Orientasi akademik yang ditekuni mahasiswa berpatok dalam penghambaan hasil. Hal ini disebabkan buruknya pengaruh logika bisnis dalam tata kelola pendidikan.
Mutu pembelajaran yang dihadirkan dosen saat mengajar di ruang kelas luring dan daring tidak menunjukan kualitas baik. Dosen hanya mengorientasikan pembelajaran pada hasil, bukan proses. Ujung-ujungnya, mahasiswa tidak mengerti mata kuliah. Bahkan ketika Kartu Hasil Studi (KHS) sudah dibagikan. Saban hari, kasus ini terjadi di akun Twitter @UNJmenfess. Mahasiswa memilah dosen yang “baik” melalui pertanyaannya di akun Twitter tersebut. “Baik” di sini bukan menyoal kualitas pengajaran dosen, tapi sebatas tidak pelit memberi nilai bagus.

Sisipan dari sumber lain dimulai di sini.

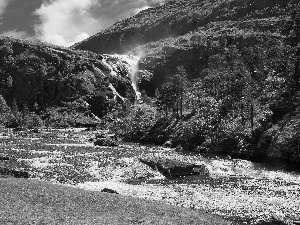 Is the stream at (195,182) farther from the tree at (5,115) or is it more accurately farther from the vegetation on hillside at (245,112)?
the tree at (5,115)

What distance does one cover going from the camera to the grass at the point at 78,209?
2550 centimetres

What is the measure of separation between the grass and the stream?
466 centimetres

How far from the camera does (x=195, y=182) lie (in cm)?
4538

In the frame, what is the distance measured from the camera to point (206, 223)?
87.5ft

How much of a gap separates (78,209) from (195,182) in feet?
67.6

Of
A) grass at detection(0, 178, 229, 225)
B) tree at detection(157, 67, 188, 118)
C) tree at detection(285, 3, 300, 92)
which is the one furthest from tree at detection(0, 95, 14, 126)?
grass at detection(0, 178, 229, 225)

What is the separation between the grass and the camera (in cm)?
2550

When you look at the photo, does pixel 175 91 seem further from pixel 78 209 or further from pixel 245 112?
pixel 78 209

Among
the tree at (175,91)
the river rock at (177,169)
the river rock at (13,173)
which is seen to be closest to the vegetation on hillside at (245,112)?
the tree at (175,91)

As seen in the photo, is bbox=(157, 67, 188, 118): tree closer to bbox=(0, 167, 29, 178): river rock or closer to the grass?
bbox=(0, 167, 29, 178): river rock

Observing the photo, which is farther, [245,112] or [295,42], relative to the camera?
[245,112]

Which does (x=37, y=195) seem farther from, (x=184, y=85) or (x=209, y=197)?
(x=184, y=85)

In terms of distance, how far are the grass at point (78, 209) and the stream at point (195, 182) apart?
4660mm

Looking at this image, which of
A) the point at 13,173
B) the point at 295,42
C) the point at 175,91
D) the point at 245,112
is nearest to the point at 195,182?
the point at 13,173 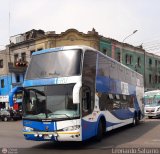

Sepenuhnya, bukan salah dosen yang menjalankan pembelajaran kuliah seperti ini. Nyatanya, dosen-dosen juga terjerembab ke dalam buruknya tata kelola pendidikan universitas. Sehingga, mau bagaimanapun juga, para dosen hanya menuruti bergulirnya sistem tata kelola universitas.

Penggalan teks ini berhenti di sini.